Problem requirements: Each line below must be transcribed exactly, and no picture may appear in the transcription.

Dataset excerpt:
*****

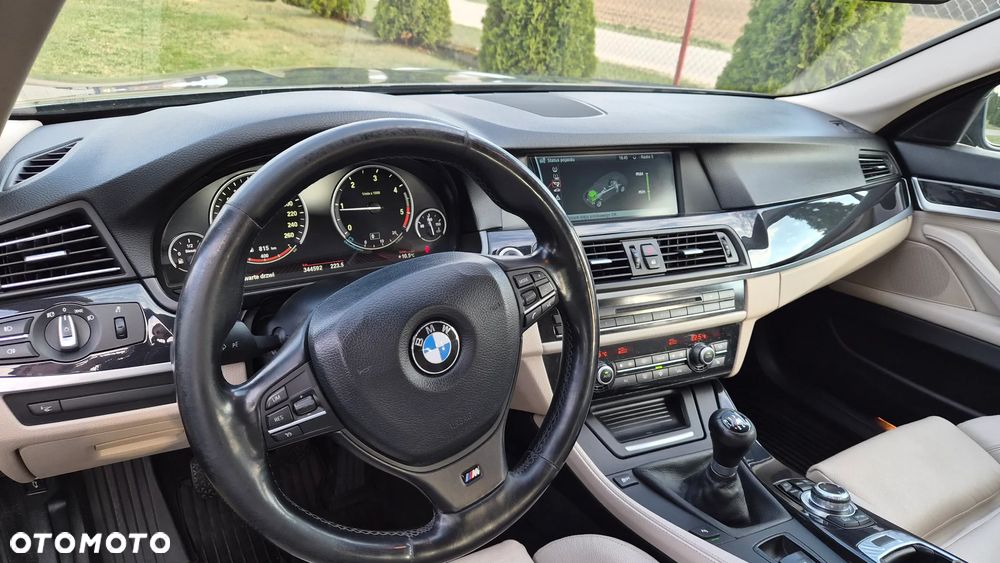 BMW Seria 5 520d - 8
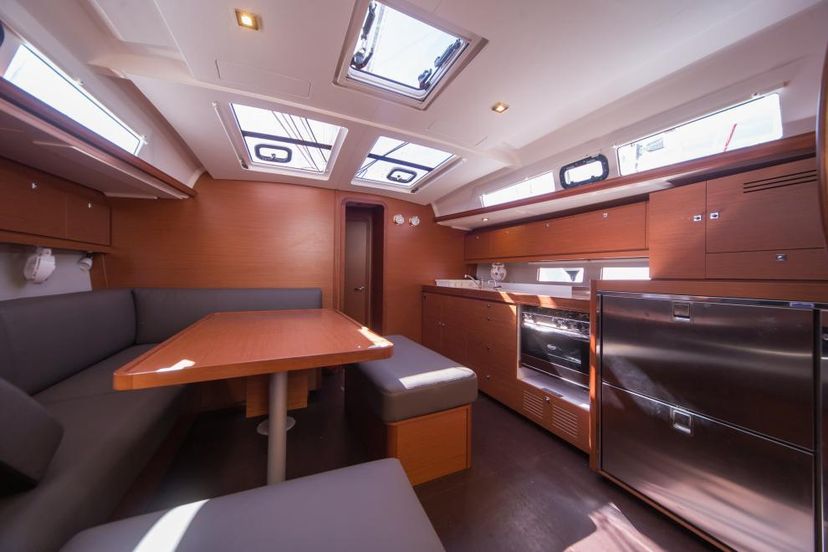 Dufour Yachts 46 LIPSI 
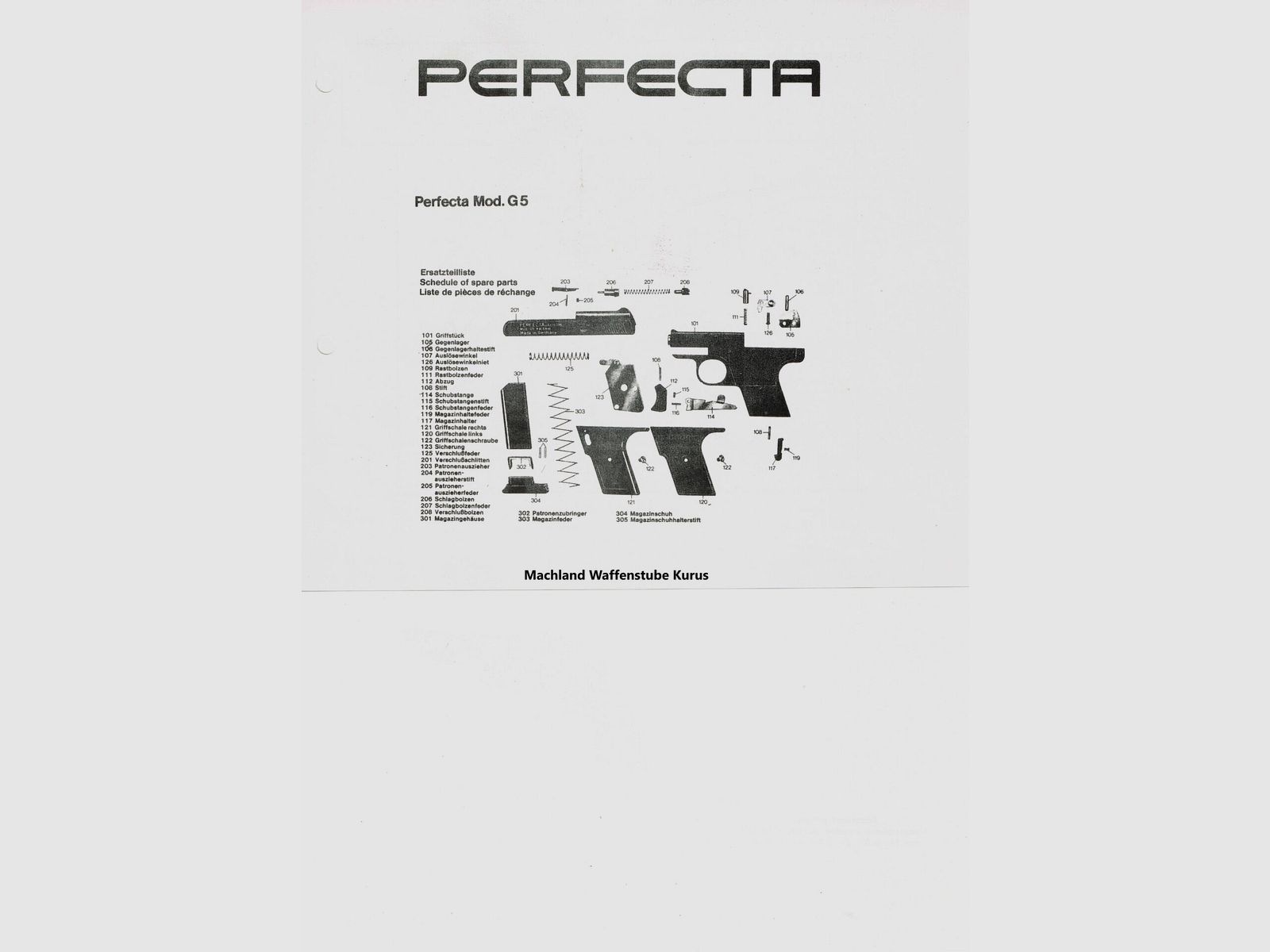 Mayer&Riem Perfecta G5 -1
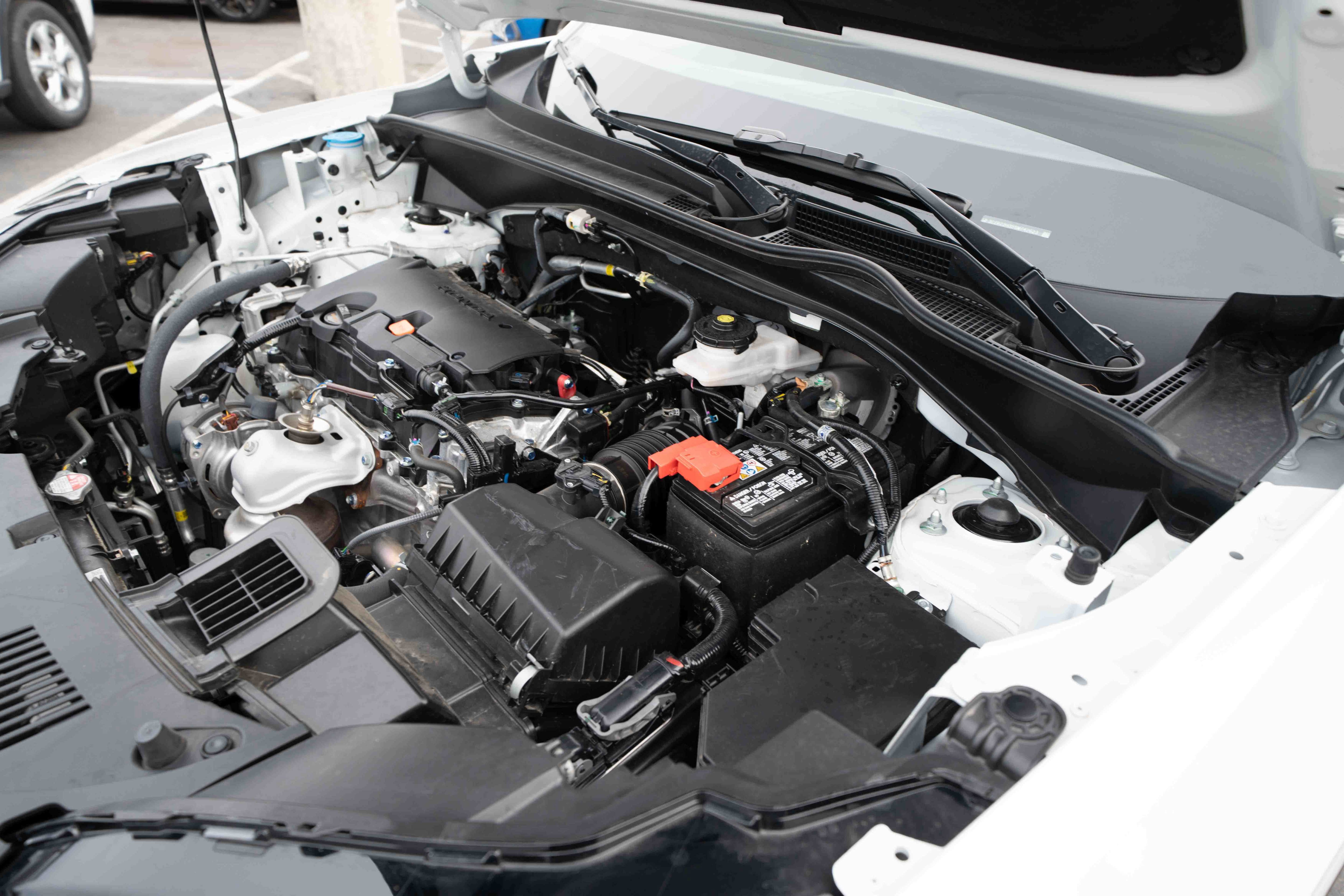 Used 2025 Honda HR-V LX image 33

*****

Solution to the exercise:
 BMW Seria 5 520d - 8
 Dufour Yachts 46 LIPSI 
 Mayer&Riem Perfecta G5 -1
 Used 2025 Honda HR-V LX image 33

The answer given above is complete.